The fact that they are pushy and likely to make you feel you are being unreasonable is a reason for saying no IMO.

Just say "Sorry, no I won't be able to do that" and then change the subject or be in a hurry to get somewhere so they can't continue the conversation if you can.

FoodieToo · 27/05/2013 21:57

Yes very nicely say that you really do not want to take on the responsibility.

I definitely would not offer to do it in an emergency . As someone said these things tend to become more frequent.

Just stand your ground. You will resent the situation if you don't .

Shallistopnow · 27/05/2013 21:59

Do you drive to school OP? And why don't you tell them you'll do it for £5-10 a day? hehe :-D

Viviennemary · 27/05/2013 22:03

You have my sympathy. I know the type of people you mean. People who will always make you feel the selfish one even when it's them. They should pay for a childminder like everyone else. If it was me I'd say I was looking for a job and going on interviews. I know it's cowardly but it's what I would do. Of course you should be able to just say no but it's difficult.

Samnella · 27/05/2013 22:05

I had a similar situation when I was a SAHM and ended up having a neighbours child after school twice a week, feeding her and taking her to and from an activity for a whole year. Not once was the favour reciprocated and once I had grown a pair and told the woman it wasn't working for me she didn't even so much as say thank you. If you don't want to do it then don't. It's a huge imposition if its not what you want.Also what happens during holidays? Will they start asking you to help then as well. I learnt to get tough towards the end of my time being a SAHM.

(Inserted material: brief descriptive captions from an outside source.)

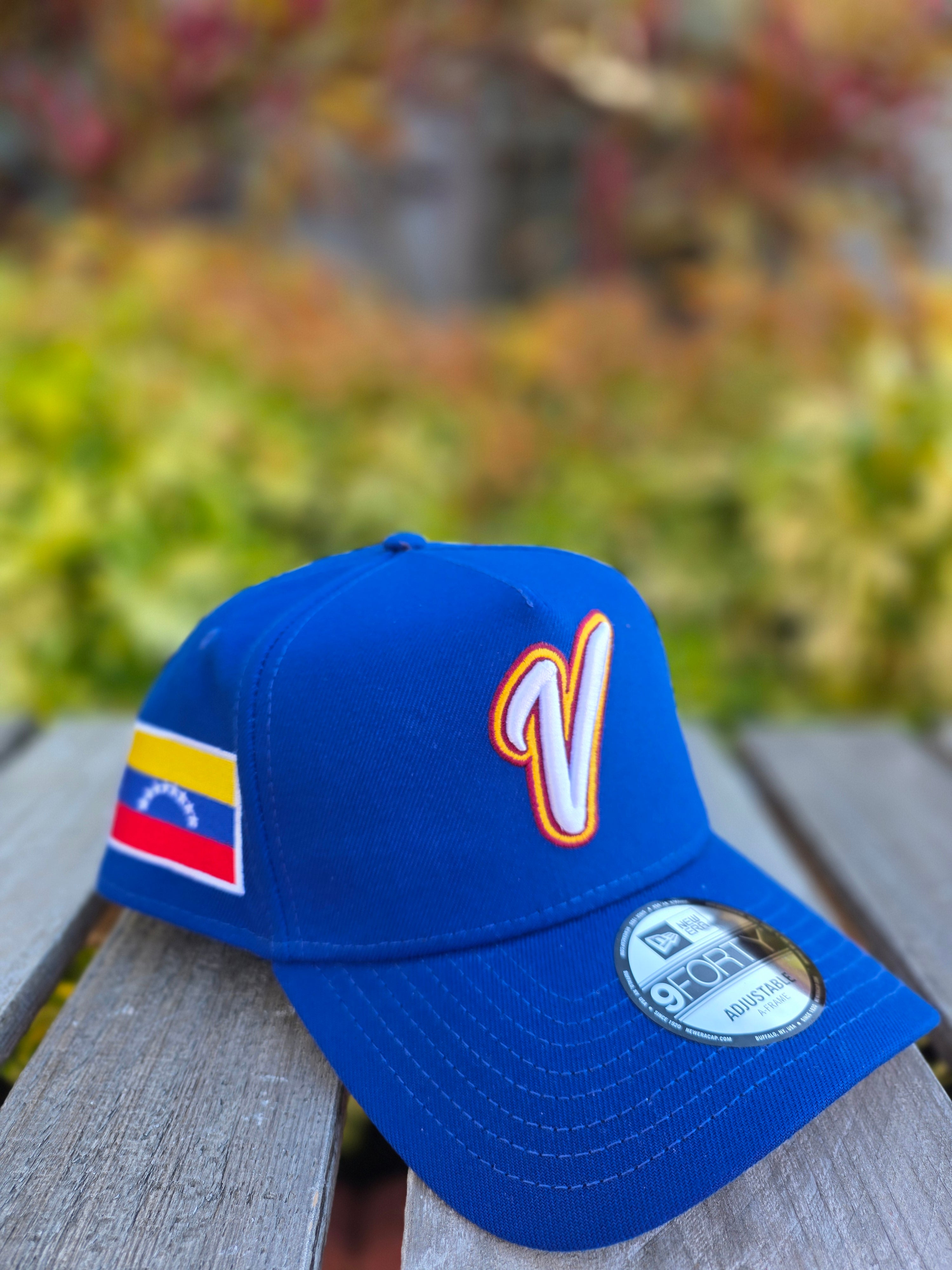 2026 WBC Venezuela Blue 9FORTY A-Frame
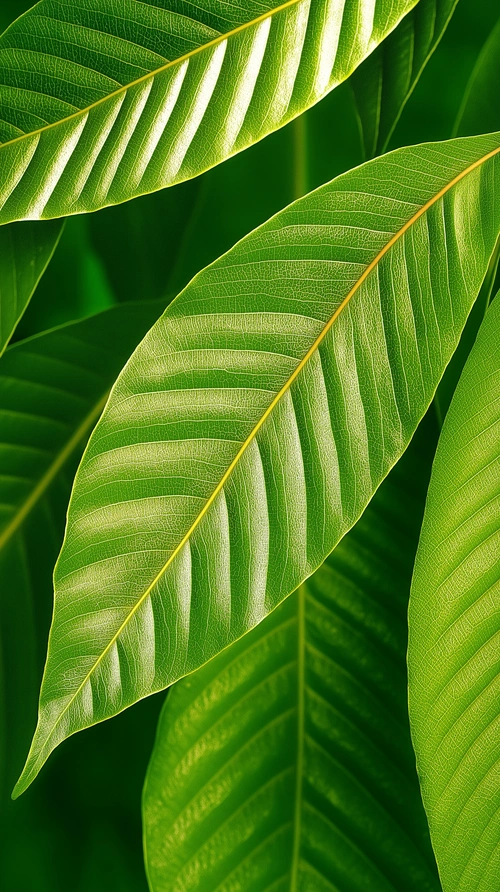 Green leaves wallpaper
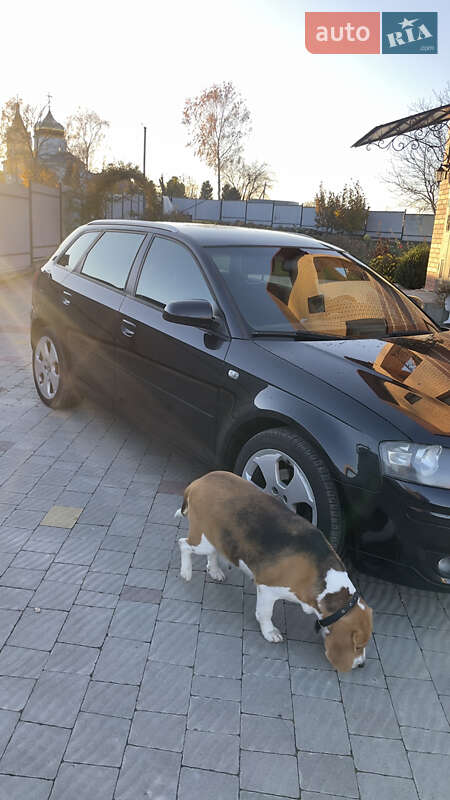 Хетчбек Audi A3 2005 в Локачах фото 5 Хетчбек Audi A3 2005 в Локачах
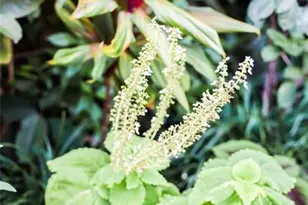 3301 SE 12th St, Pompano Beach, FL 33062 - Photo 29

I had a friend who works irregularly and wanted me to look after her extremely intensive, wingey 3 year old whilst my DD was at nursery and my son was asleep. I said no that's my only time to get anything done. She then said "she only needs a little attention. Maybe do some cooking with her or something". No I don't want to cook when I could be musmnetting Grin

OTOH I now work and have a reciprocal arrangement with a friend and it works brilliantly. The reason it works is the arrangement is equal. We both work and need each other. If one is not working I think it makes the whole thing unbalance and less likely to work.

pumpkinsweetie · 27/05/2013 22:05

If you don't want to do it, don't, their child isn't your responsibility and tbh if you do it once or twice they'll expect it again and again until it becomes a burden, especially in the scenario of your dc being off sick for example & still being obliged to drop her child off. You will end up falling out over it, which is best you don't start something you cannot continue with on a regular basis.